Items from a data source:

▬▬▬▬▬▬▬▬▬▬

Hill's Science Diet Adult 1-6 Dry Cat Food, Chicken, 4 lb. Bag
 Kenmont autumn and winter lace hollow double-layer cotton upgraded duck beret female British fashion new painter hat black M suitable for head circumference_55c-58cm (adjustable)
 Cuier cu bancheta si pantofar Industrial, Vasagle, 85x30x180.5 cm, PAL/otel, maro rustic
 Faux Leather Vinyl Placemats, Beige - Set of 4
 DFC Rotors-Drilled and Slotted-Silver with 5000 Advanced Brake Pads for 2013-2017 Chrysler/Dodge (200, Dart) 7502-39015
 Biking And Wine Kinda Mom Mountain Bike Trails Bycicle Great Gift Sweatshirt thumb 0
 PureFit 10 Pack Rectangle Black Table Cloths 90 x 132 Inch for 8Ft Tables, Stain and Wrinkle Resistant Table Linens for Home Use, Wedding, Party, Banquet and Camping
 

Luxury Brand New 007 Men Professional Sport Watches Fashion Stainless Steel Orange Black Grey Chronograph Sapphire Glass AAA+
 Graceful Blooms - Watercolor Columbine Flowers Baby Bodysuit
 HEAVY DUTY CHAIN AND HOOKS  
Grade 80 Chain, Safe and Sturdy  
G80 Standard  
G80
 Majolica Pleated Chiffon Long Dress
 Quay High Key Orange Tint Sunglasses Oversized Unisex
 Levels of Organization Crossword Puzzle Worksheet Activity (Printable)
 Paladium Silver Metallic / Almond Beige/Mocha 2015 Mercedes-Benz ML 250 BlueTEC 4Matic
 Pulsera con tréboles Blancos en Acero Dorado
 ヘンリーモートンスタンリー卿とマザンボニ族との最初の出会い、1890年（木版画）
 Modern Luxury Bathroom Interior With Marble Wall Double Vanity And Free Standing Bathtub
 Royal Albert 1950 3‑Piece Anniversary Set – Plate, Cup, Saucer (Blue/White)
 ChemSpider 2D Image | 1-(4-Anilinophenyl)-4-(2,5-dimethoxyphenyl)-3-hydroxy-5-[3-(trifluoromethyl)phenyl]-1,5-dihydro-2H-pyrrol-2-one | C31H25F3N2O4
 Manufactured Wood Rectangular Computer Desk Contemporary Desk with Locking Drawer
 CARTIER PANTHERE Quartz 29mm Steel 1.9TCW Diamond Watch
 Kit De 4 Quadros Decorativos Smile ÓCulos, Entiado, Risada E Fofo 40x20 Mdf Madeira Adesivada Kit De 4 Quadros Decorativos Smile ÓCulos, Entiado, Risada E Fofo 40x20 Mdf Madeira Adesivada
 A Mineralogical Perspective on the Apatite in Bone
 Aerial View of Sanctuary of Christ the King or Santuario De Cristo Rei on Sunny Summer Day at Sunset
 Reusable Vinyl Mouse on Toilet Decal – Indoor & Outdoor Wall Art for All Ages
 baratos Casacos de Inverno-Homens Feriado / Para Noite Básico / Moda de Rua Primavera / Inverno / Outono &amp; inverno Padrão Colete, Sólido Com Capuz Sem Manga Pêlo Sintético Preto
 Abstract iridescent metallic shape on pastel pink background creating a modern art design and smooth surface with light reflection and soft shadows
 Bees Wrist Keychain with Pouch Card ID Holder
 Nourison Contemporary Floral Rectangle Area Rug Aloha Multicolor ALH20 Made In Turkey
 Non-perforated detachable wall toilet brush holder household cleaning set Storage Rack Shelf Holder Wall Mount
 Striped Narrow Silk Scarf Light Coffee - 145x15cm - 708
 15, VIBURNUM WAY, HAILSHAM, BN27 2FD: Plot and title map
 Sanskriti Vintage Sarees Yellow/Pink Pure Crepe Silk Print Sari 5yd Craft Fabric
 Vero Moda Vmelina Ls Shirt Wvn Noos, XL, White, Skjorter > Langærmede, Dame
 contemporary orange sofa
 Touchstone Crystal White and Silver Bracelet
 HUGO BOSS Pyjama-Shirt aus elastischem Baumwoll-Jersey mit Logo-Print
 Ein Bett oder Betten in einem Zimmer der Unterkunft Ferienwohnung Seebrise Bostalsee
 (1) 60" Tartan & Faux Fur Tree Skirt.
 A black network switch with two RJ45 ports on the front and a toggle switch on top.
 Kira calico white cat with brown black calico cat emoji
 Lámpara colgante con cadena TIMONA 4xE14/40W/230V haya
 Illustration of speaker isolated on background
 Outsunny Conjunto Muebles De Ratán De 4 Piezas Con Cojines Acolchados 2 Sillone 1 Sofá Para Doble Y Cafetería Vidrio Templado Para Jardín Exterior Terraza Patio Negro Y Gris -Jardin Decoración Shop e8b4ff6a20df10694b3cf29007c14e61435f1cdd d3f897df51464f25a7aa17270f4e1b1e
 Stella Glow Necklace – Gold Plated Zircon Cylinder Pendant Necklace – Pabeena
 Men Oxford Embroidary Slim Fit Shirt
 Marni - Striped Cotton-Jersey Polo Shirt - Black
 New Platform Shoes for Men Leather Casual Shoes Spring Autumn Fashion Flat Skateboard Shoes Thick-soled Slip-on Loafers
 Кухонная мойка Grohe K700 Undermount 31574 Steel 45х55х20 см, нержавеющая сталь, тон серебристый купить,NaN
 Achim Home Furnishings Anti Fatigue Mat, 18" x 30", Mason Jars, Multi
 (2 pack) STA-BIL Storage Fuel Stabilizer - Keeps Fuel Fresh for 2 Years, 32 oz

▬▬▬▬▬▬▬▬▬▬

### [What is required]
Up to and including the line with "Quay High Key", restate the records above word for word from the very first line.

### [Solution to the problem]
Hill's Science Diet Adult 1-6 Dry Cat Food, Chicken, 4 lb. Bag
 Kenmont autumn and winter lace hollow double-layer cotton upgraded duck beret female British fashion new painter hat black M suitable for head circumference_55c-58cm (adjustable)
 Cuier cu bancheta si pantofar Industrial, Vasagle, 85x30x180.5 cm, PAL/otel, maro rustic
 Faux Leather Vinyl Placemats, Beige - Set of 4
 DFC Rotors-Drilled and Slotted-Silver with 5000 Advanced Brake Pads for 2013-2017 Chrysler/Dodge (200, Dart) 7502-39015
 Biking And Wine Kinda Mom Mountain Bike Trails Bycicle Great Gift Sweatshirt thumb 0
 PureFit 10 Pack Rectangle Black Table Cloths 90 x 132 Inch for 8Ft Tables, Stain and Wrinkle Resistant Table Linens for Home Use, Wedding, Party, Banquet and Camping
 

Luxury Brand New 007 Men Professional Sport Watches Fashion Stainless Steel Orange Black Grey Chronograph Sapphire Glass AAA+
 Graceful Blooms - Watercolor Columbine Flowers Baby Bodysuit
 HEAVY DUTY CHAIN AND HOOKS  
Grade 80 Chain, Safe and Sturdy  
G80 Standard  
G80
 Majolica Pleated Chiffon Long Dress
 Quay High Key Orange Tint Sunglasses Oversized Unisex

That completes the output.